Exercise description ->
Using the entries below, restate word for word only the lines from the one with "Gray Chevron Tufted" to the final line, leaving the pictures out.

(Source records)
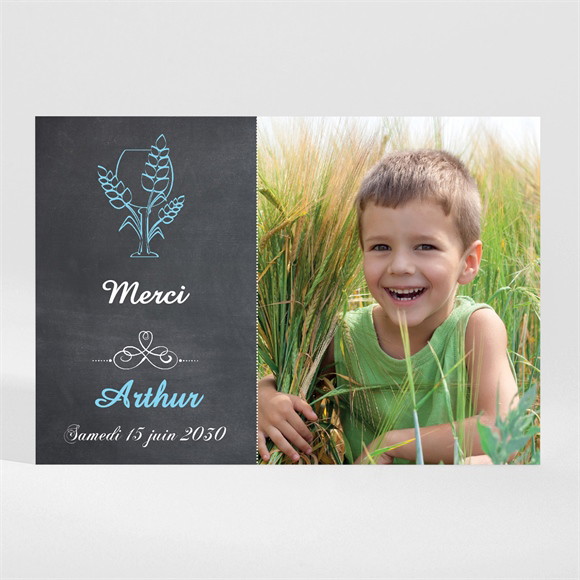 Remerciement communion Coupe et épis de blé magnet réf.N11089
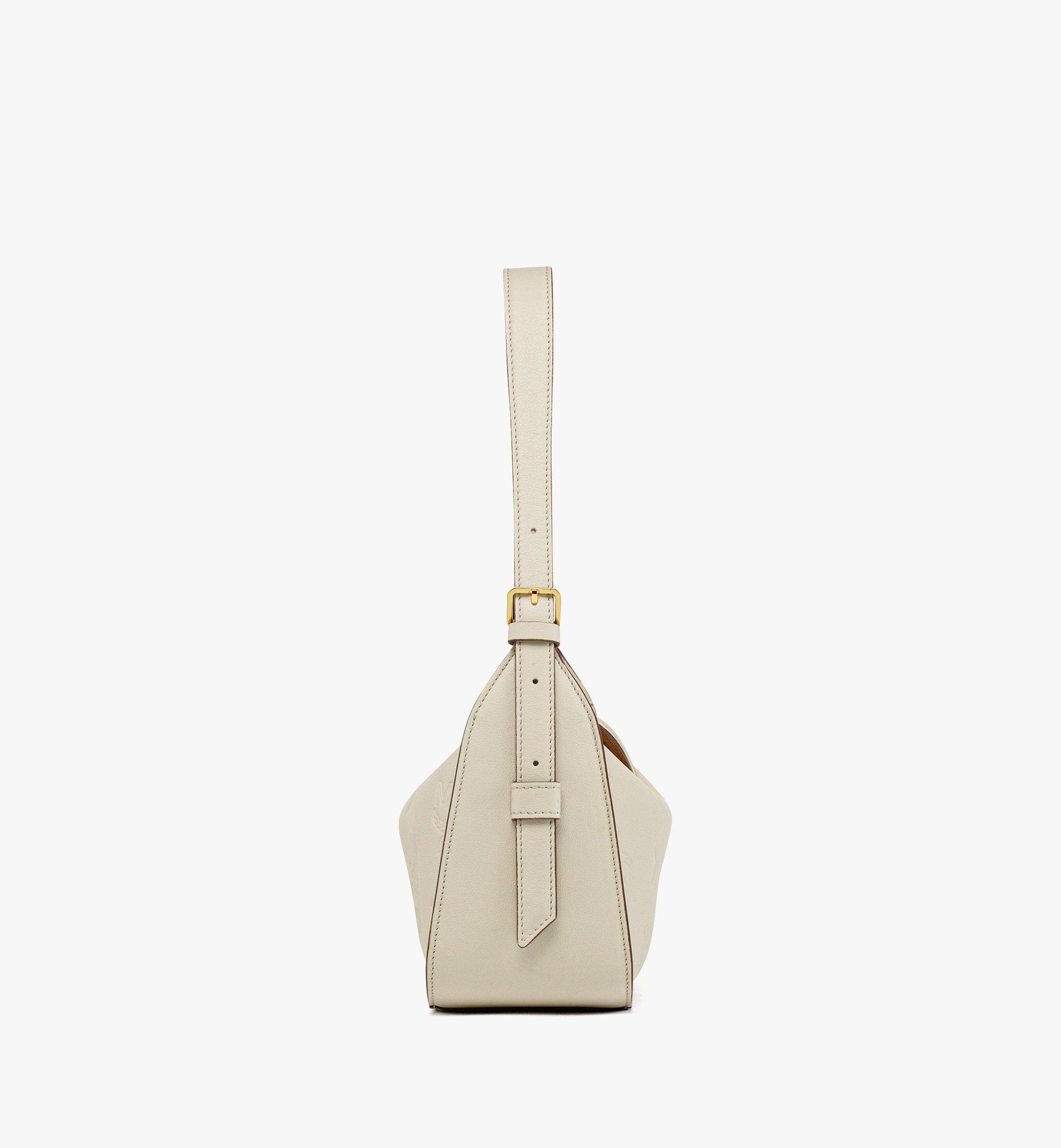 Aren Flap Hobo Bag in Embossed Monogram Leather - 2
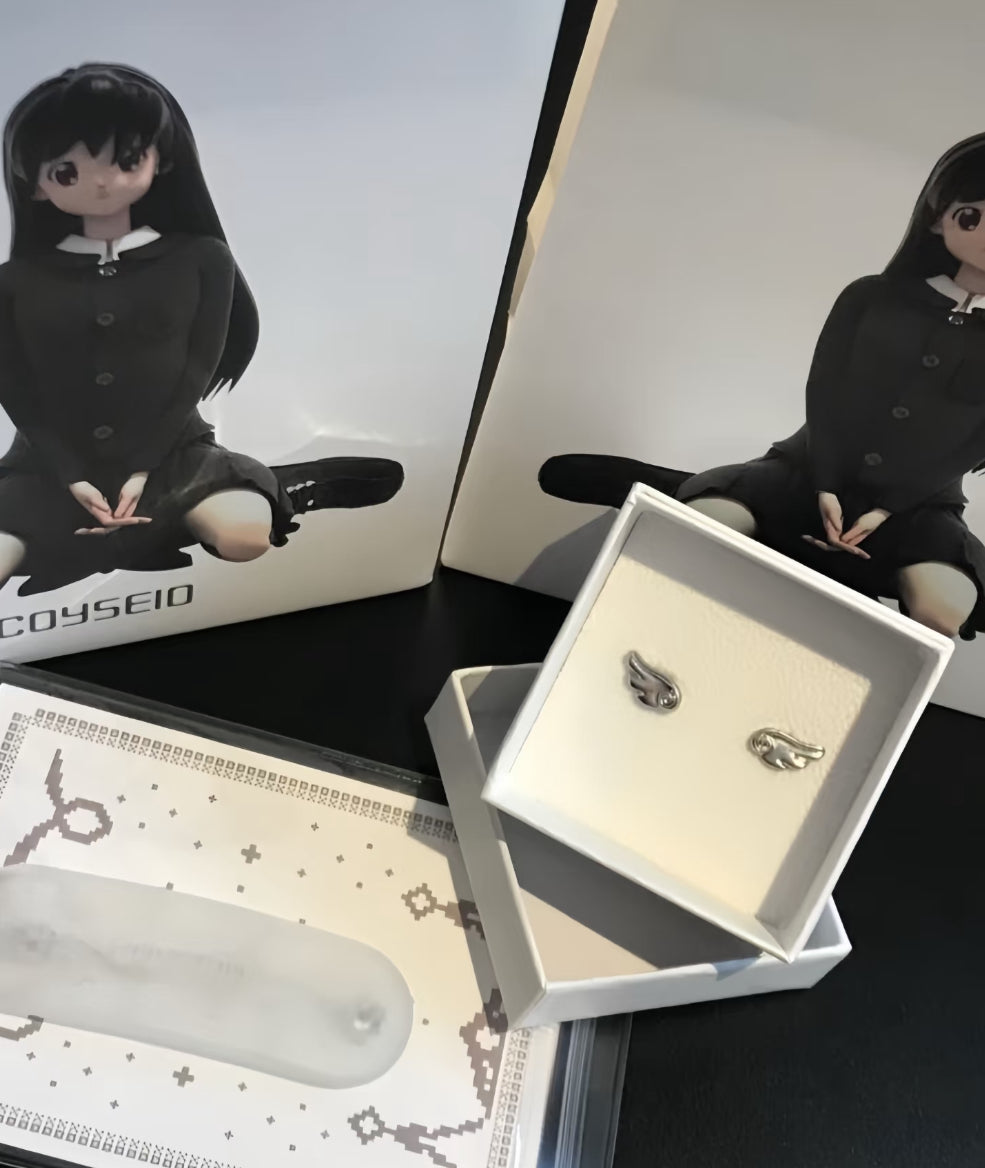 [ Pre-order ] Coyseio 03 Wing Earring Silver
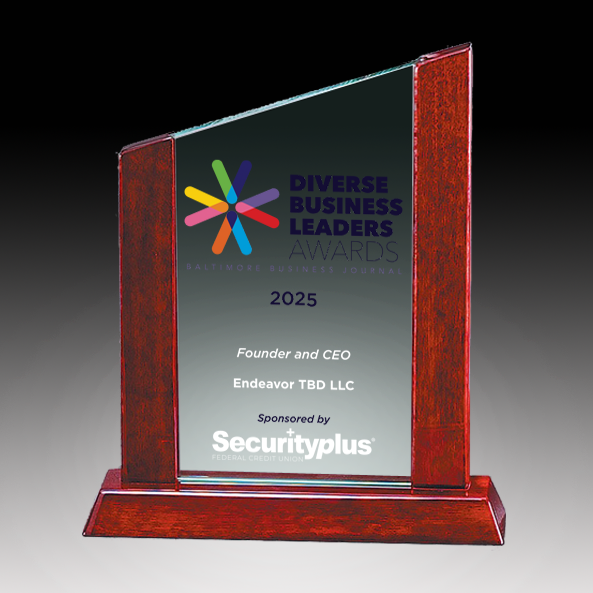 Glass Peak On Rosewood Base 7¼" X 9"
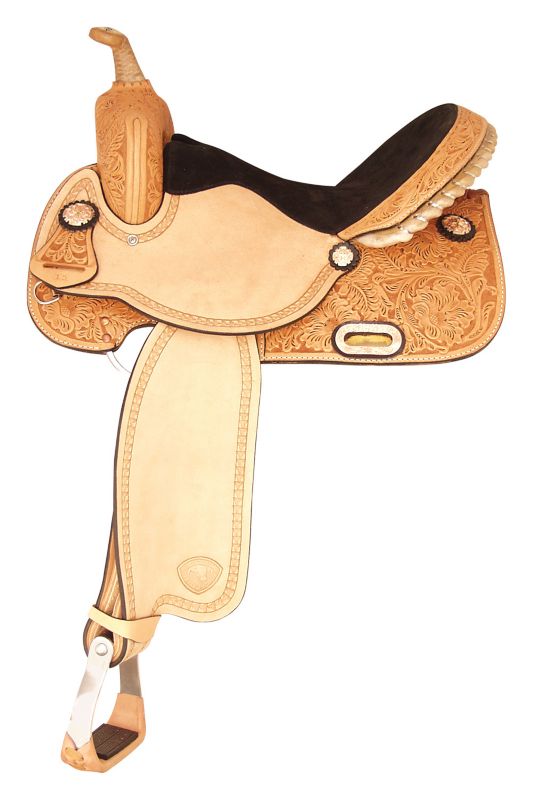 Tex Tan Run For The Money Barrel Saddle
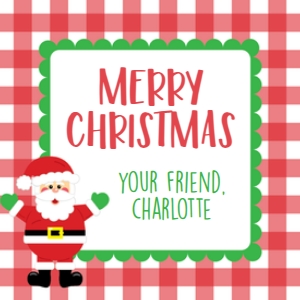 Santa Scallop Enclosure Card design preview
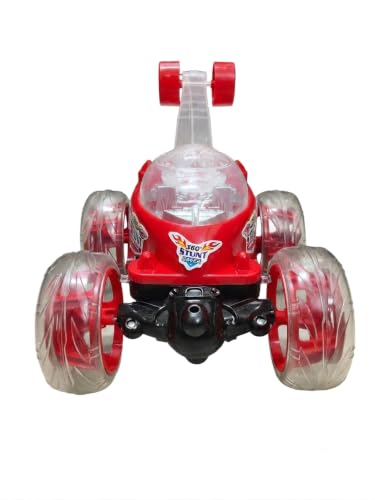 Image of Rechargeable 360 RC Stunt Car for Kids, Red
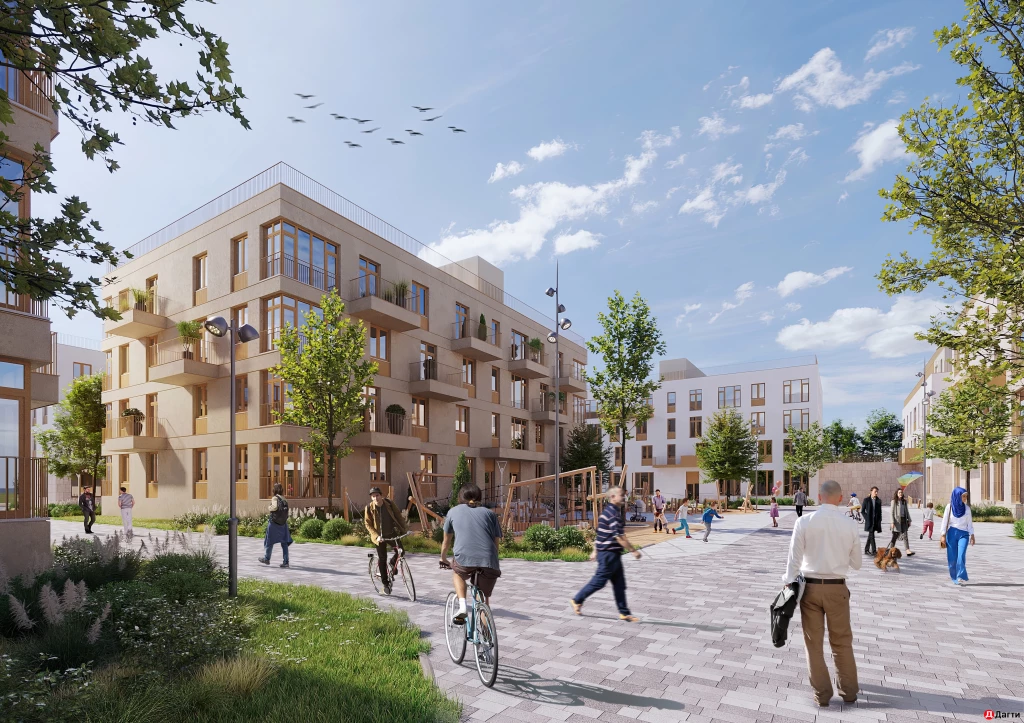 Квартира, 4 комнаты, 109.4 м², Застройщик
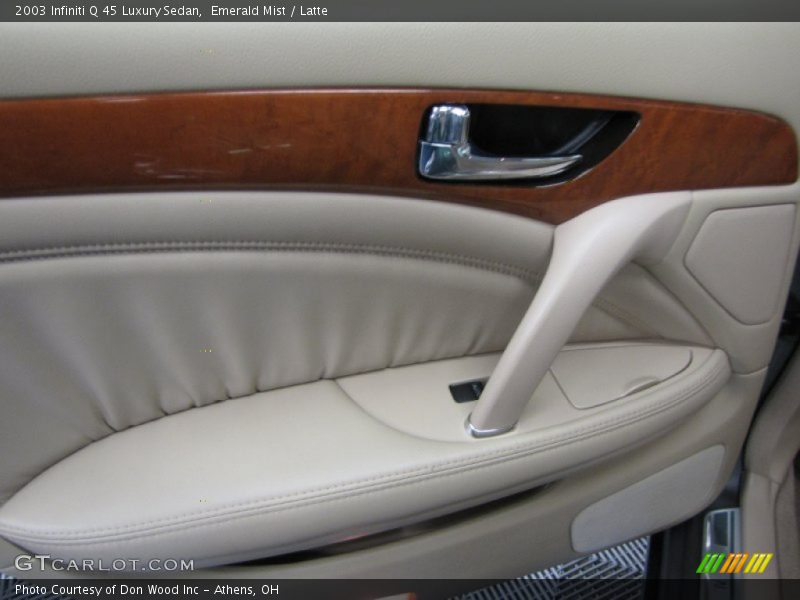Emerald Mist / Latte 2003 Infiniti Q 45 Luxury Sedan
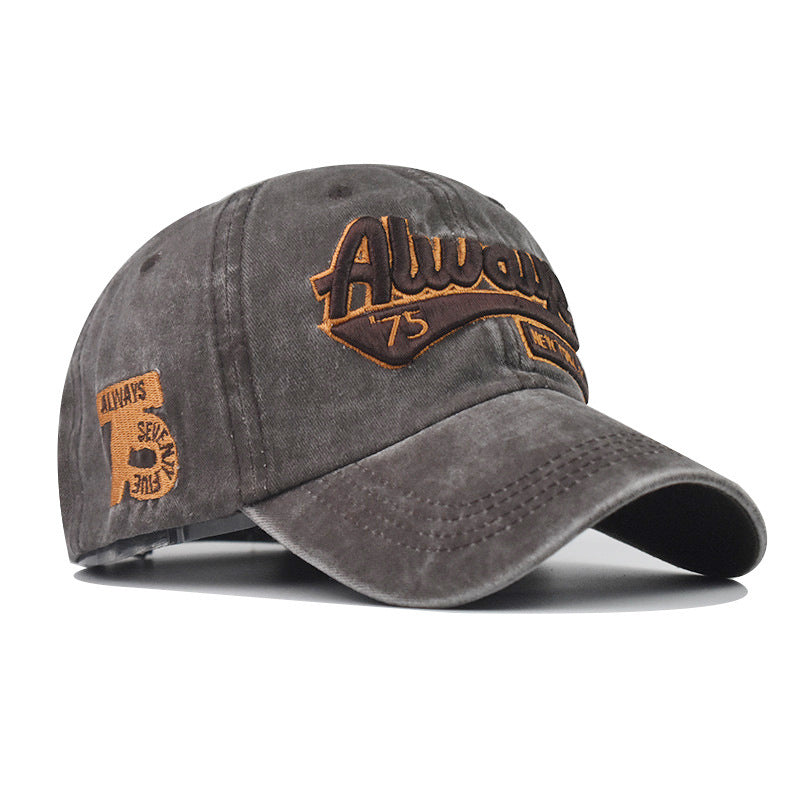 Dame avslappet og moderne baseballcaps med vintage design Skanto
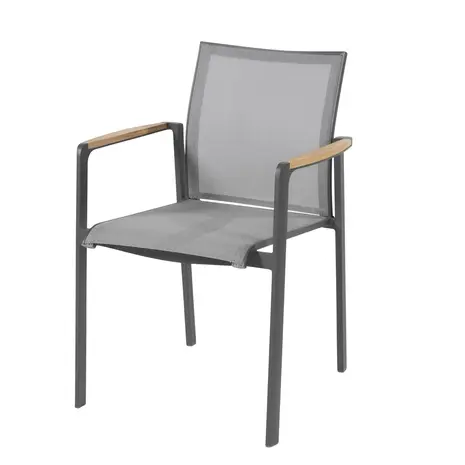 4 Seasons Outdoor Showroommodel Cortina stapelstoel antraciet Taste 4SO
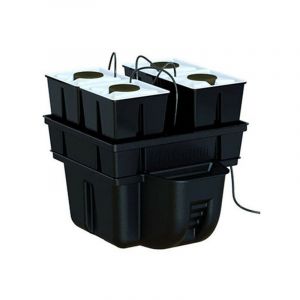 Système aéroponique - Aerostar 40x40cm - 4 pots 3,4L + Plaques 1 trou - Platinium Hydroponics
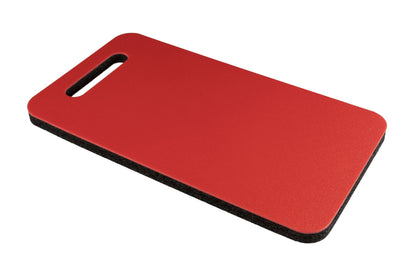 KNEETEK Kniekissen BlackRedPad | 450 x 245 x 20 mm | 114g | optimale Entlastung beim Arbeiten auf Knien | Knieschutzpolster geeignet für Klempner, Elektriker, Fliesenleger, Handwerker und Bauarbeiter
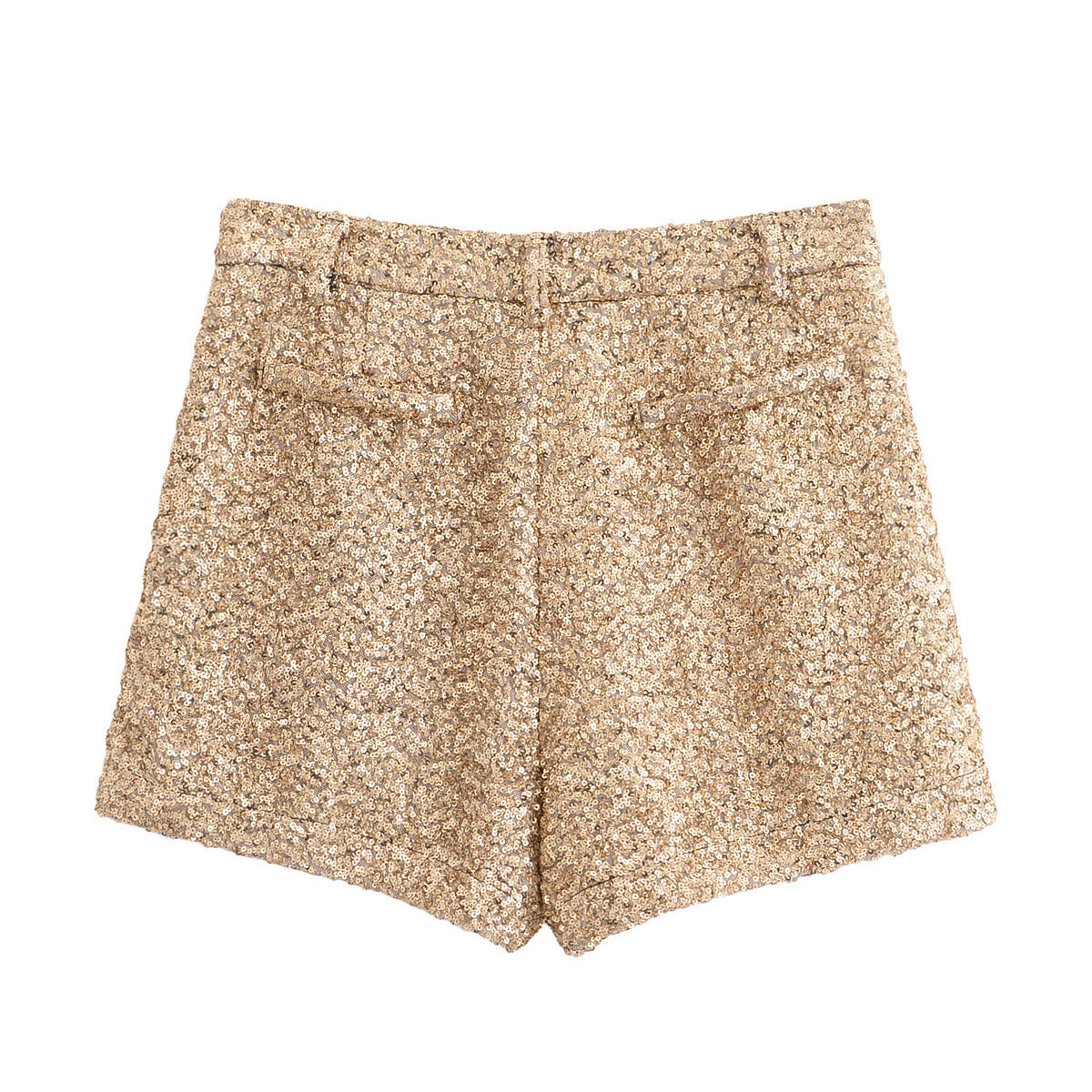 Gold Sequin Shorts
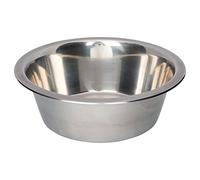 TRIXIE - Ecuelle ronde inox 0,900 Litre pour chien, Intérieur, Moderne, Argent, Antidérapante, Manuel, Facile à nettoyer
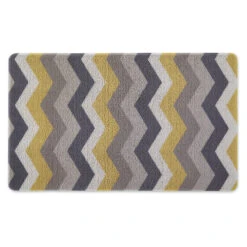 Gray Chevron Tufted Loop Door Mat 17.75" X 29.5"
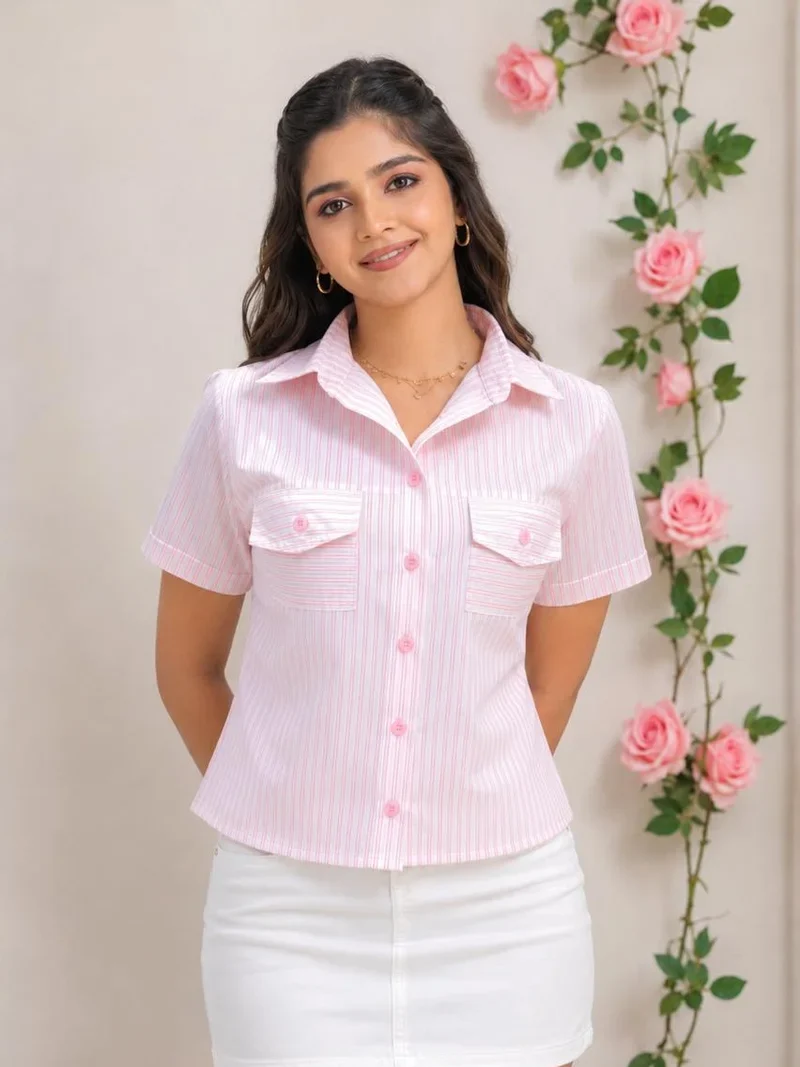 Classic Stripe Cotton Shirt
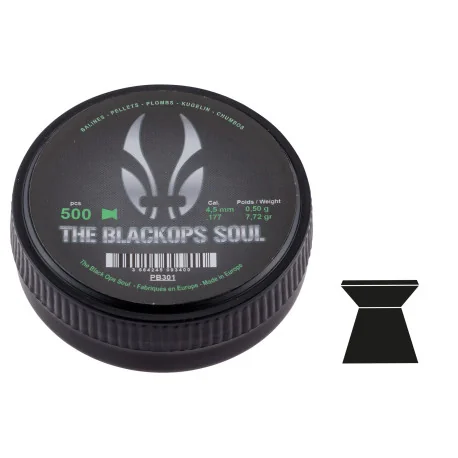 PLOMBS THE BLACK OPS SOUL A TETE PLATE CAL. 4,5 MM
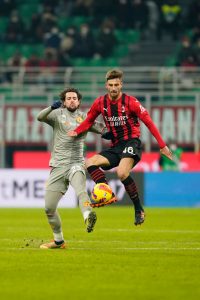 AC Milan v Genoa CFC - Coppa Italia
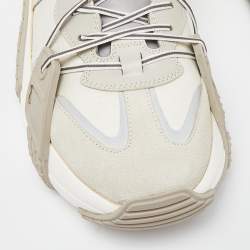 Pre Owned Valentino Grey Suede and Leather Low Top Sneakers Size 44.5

Solved problem ->
 Gray Chevron Tufted Loop Door Mat 17.75" X 29.5"
 Classic Stripe Cotton Shirt
 PLOMBS THE BLACK OPS SOUL A TETE PLATE CAL. 4,5 MM
 AC Milan v Genoa CFC - Coppa Italia
 Pre Owned Valentino Grey Suede and Leather Low Top Sneakers Size 44.5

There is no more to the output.